Thank you, Mr. Chairman.
Just very briefly, because my colleague from Foreign Affairs in particular has covered most of what I would have said.
Translating what was said by the other two witnesses here down into the practical realities of legislative drafting, our task in this bill has been to take the sorts of operational scenarios that the lieutenant-colonel has just explained and try to work out how those would apply in a Canadian criminal court.
With respect, when we draft legislation—especially criminal legislation—it has to meet charter requirements and clarity requirements and so on. It is very difficult a lot of the time for us to use treaty language because the words mean different things.
When we started with the cluster munitions convention in this particular case we took the language of the convention as a starting point and then we looked at how those words would be applied in a Canadian criminal court. As I said at an earlier session, stockpiling became possession because there's really no way without defining it of what an offence of stockpiling would look like. If you criminalize possession then if you've caught somebody who has one cluster munition or 100,000 it doesn't matter. It's a broader offence, but we're sure we're in conformity with the convention.
The concept of transfer in the convention.... First of all in any treaty if the treaty uses the word “transfer” it's generally talking about transfer between one state party and another state party. Whereas in Canadian law it might mean the sale of a house, or transfer of narcotics in the course of trafficking or something like that. So we had to rethink the whole concept of transfer. This particular convention had a very specific term that was targeted at stockpile movements, and stockpiles being controlled—being in one state and under the control of another. So we redefined that, we turned that into importing and exporting and movement instead. We deliberately avoided using the language of the convention so that we wouldn't be misinterpreted.
It is very difficult. Our task now is not, with respect, to draft for the international community. It's to draft for a Canadian criminal court. We want to make as certain as we possibly can that these offences will apply in the circumstances in which Parliament intends them—and how Canada as a state party to the treaty intends them to apply—and no further. That has been a very difficult exercise.

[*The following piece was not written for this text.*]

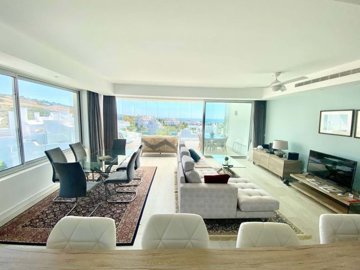 3982-579935-78d1f4f8b6655591b02d22fabb36a692d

To use the lieutenant-colonel's example, if I call in an airstrike if I'm under fire, I am either counselling someone in the commission of an offence or I'm abetting them if dropping the munition is an offence. If I tell them where to drop it, I'm abetting in Canadian criminal law. If I'm in a room with four other people where a decision is made to do this I'm conspiring with them. If what we're discussing is a crime then discussing it is a conspiracy, and if I happen to be the only Canadian in the room I would be the only one criminally liable. The others, being from a non-state party, would not be subject to the same criminal offence.
So those are the sorts of scenarios that we had to deal with in crafting clause 11, Mr. Chairman. That's why we did not incorporate the language of the treaty more than we did. We did take some, but what is not there is not there for a reason.
Thank you, Mr. Chairman.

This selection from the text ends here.